━━━━━ Data provided ━━━━━

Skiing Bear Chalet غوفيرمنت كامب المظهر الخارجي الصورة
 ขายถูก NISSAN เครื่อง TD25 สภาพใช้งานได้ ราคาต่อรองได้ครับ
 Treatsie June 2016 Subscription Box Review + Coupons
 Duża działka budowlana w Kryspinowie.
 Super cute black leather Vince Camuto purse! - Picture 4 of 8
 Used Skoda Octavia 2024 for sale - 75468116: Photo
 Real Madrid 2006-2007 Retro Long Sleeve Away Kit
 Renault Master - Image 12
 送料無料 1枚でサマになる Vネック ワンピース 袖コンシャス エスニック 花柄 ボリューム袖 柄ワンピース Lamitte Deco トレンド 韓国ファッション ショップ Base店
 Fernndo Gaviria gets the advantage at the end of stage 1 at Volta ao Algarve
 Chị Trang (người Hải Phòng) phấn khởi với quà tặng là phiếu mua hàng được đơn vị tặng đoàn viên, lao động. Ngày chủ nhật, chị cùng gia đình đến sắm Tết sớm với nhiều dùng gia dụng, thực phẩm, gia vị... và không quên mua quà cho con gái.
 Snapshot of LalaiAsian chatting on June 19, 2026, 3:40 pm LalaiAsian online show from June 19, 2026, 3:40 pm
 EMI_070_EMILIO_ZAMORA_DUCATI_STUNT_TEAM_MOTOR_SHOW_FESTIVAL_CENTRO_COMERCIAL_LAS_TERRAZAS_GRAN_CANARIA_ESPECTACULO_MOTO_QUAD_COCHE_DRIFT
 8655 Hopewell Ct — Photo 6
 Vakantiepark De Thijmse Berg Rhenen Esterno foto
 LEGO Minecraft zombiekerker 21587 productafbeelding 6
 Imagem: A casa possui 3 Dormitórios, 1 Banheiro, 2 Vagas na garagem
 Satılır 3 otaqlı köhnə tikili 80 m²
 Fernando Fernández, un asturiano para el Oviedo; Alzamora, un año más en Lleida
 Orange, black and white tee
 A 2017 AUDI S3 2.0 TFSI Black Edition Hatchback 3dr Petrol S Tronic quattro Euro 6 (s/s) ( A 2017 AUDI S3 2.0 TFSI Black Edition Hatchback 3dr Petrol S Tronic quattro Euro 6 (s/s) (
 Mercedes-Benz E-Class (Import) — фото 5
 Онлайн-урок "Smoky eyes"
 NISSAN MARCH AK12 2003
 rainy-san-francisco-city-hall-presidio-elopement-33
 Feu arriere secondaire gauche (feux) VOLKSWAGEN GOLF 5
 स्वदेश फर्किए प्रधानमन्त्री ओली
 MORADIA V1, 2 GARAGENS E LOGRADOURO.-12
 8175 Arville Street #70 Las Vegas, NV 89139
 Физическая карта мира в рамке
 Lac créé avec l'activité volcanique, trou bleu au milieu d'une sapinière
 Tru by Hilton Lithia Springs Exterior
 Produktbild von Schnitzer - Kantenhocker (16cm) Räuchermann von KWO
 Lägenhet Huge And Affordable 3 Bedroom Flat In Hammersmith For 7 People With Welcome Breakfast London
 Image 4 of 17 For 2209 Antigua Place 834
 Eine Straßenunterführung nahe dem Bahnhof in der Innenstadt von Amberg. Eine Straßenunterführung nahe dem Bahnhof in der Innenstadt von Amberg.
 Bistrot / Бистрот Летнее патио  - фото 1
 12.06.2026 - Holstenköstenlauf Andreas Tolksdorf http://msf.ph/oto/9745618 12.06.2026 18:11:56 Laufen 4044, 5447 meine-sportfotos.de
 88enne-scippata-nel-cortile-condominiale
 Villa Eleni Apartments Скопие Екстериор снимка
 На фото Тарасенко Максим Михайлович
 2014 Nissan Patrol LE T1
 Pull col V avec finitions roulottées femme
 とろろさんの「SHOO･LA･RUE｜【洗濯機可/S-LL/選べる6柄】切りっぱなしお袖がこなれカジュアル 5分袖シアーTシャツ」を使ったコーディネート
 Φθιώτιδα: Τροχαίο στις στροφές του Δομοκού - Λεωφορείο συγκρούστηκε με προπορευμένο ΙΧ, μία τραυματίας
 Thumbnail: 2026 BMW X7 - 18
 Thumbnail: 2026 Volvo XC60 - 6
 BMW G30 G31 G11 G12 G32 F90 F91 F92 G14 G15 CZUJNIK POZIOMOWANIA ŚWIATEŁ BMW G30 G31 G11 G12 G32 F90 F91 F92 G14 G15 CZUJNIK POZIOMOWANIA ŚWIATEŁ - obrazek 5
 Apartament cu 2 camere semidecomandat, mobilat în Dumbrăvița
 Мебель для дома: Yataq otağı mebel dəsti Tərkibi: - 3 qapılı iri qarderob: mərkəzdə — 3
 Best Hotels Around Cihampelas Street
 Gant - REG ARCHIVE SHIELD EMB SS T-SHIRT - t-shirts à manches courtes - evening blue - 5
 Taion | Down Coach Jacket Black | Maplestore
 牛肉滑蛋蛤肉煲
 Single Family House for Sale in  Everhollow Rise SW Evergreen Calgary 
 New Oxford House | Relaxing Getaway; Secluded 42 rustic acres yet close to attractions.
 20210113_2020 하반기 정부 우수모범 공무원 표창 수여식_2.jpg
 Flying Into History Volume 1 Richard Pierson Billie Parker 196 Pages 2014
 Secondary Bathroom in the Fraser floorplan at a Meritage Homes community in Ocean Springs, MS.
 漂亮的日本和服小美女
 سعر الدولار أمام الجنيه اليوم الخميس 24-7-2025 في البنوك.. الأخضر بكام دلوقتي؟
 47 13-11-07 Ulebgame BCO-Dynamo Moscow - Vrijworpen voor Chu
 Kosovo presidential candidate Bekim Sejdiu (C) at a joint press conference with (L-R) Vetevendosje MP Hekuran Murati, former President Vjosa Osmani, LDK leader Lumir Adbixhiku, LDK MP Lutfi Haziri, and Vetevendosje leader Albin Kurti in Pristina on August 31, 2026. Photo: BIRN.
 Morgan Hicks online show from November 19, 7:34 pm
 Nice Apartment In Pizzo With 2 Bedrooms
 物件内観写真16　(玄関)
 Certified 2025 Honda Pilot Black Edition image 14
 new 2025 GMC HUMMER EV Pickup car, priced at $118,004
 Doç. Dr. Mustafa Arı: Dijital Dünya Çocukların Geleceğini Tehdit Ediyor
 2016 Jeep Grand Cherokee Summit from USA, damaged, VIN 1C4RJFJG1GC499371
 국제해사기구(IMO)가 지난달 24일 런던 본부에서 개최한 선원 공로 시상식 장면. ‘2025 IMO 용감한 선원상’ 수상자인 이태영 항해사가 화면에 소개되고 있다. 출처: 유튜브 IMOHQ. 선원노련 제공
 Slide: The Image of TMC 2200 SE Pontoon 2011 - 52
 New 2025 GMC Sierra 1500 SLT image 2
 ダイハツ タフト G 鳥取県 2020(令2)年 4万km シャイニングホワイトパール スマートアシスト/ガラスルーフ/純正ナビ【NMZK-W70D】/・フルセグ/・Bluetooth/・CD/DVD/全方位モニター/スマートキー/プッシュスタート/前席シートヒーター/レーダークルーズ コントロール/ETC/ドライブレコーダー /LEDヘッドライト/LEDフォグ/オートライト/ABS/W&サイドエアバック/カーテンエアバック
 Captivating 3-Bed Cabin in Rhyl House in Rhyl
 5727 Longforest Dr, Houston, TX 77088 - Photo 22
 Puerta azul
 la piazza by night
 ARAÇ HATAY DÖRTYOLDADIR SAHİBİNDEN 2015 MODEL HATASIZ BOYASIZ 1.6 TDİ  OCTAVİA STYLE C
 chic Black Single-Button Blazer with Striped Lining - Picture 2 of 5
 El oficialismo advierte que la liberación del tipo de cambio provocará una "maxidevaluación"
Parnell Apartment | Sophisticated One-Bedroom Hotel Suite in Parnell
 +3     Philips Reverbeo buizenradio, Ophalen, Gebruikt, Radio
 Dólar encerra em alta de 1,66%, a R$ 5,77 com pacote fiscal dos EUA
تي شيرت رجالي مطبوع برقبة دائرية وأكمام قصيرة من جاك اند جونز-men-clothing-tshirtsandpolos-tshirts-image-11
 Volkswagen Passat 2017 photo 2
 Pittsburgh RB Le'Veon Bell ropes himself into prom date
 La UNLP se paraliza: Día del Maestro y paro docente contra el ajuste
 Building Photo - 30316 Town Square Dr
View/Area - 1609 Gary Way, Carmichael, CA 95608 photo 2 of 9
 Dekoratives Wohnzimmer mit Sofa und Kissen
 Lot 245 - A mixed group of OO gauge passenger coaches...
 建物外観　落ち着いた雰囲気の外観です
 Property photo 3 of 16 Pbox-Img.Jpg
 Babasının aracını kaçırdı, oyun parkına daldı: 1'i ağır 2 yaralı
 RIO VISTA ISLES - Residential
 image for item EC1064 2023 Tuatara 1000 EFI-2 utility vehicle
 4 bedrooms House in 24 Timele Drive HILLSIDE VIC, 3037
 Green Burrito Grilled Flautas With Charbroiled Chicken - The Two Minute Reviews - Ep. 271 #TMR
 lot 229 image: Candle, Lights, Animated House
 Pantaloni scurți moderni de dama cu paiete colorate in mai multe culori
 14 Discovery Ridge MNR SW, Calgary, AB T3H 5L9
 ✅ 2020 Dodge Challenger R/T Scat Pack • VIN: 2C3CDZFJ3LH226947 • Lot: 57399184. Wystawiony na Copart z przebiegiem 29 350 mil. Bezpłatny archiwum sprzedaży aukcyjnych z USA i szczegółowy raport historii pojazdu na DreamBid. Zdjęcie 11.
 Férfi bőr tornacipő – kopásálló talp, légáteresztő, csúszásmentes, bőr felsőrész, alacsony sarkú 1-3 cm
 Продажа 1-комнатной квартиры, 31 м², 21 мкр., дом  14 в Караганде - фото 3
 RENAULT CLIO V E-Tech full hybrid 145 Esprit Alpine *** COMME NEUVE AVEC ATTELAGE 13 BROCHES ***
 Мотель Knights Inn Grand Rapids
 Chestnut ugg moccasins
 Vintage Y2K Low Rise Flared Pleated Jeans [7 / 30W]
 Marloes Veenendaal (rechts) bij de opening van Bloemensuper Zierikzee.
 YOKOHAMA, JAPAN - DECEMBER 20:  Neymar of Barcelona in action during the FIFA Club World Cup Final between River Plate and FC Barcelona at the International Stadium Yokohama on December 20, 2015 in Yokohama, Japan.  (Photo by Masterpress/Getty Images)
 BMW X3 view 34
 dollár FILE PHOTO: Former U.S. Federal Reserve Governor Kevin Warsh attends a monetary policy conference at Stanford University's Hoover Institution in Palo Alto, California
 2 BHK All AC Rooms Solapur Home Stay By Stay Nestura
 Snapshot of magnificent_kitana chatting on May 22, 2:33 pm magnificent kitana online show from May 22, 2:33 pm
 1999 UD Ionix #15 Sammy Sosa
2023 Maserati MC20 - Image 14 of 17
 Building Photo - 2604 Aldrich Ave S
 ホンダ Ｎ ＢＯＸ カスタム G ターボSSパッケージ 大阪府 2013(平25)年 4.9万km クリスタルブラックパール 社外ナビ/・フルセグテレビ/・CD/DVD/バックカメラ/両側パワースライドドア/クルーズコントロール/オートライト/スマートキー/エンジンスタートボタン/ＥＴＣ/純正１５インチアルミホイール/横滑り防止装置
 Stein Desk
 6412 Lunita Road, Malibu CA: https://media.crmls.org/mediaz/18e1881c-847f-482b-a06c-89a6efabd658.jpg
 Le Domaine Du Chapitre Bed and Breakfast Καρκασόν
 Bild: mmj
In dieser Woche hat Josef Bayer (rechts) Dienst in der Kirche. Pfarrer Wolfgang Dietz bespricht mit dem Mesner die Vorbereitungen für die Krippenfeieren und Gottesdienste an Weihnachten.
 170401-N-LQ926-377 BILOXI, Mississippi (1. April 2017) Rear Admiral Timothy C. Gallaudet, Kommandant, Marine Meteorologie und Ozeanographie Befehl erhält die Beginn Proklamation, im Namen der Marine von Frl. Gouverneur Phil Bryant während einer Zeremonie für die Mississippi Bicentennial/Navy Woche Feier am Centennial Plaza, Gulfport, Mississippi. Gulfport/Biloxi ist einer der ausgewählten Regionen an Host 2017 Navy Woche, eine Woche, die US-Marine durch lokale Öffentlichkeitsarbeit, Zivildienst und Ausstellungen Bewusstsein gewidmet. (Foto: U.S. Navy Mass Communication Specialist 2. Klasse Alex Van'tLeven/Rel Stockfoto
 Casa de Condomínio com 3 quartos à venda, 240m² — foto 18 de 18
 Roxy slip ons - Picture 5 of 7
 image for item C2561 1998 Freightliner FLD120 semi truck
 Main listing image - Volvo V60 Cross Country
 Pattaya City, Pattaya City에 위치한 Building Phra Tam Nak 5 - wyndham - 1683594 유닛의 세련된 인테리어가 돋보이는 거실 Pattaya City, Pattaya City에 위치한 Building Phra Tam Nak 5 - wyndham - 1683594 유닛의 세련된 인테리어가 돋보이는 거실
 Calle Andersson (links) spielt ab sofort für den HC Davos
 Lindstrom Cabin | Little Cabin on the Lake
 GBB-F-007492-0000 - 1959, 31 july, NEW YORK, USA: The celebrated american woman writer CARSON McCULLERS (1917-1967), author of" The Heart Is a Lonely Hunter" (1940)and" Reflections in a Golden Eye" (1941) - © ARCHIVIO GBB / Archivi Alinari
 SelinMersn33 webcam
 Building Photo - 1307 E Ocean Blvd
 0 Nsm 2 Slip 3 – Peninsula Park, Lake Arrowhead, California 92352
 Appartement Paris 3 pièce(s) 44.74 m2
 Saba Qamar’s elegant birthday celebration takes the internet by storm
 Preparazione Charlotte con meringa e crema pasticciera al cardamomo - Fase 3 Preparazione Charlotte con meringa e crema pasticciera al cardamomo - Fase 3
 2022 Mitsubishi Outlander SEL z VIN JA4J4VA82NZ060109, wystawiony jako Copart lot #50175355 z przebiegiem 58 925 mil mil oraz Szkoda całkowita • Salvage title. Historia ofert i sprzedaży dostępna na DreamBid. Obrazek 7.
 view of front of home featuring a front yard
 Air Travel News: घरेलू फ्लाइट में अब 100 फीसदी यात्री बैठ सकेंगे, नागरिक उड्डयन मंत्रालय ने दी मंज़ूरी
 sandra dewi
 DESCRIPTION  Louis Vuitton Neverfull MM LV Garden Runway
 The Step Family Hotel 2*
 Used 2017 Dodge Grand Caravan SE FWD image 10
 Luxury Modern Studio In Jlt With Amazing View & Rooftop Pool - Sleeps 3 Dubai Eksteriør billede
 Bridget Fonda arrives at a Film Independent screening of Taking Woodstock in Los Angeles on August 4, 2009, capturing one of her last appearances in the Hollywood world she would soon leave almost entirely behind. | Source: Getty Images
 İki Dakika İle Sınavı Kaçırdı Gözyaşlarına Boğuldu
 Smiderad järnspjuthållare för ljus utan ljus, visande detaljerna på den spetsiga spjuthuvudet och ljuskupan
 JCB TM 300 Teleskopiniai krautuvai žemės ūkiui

━━━━━

*Task directions*
Taking the material above, extract exactly and only the lines from the line with "DreamBid. Zdjęcie 11." to the line with "Férfi bőr tornacipő", inclusive of both.

*Reply to the exercise*
 ✅ 2020 Dodge Challenger R/T Scat Pack • VIN: 2C3CDZFJ3LH226947 • Lot: 57399184. Wystawiony na Copart z przebiegiem 29 350 mil. Bezpłatny archiwum sprzedaży aukcyjnych z USA i szczegółowy raport historii pojazdu na DreamBid. Zdjęcie 11.
 Férfi bőr tornacipő – kopásálló talp, légáteresztő, csúszásmentes, bőr felsőrész, alacsony sarkú 1-3 cm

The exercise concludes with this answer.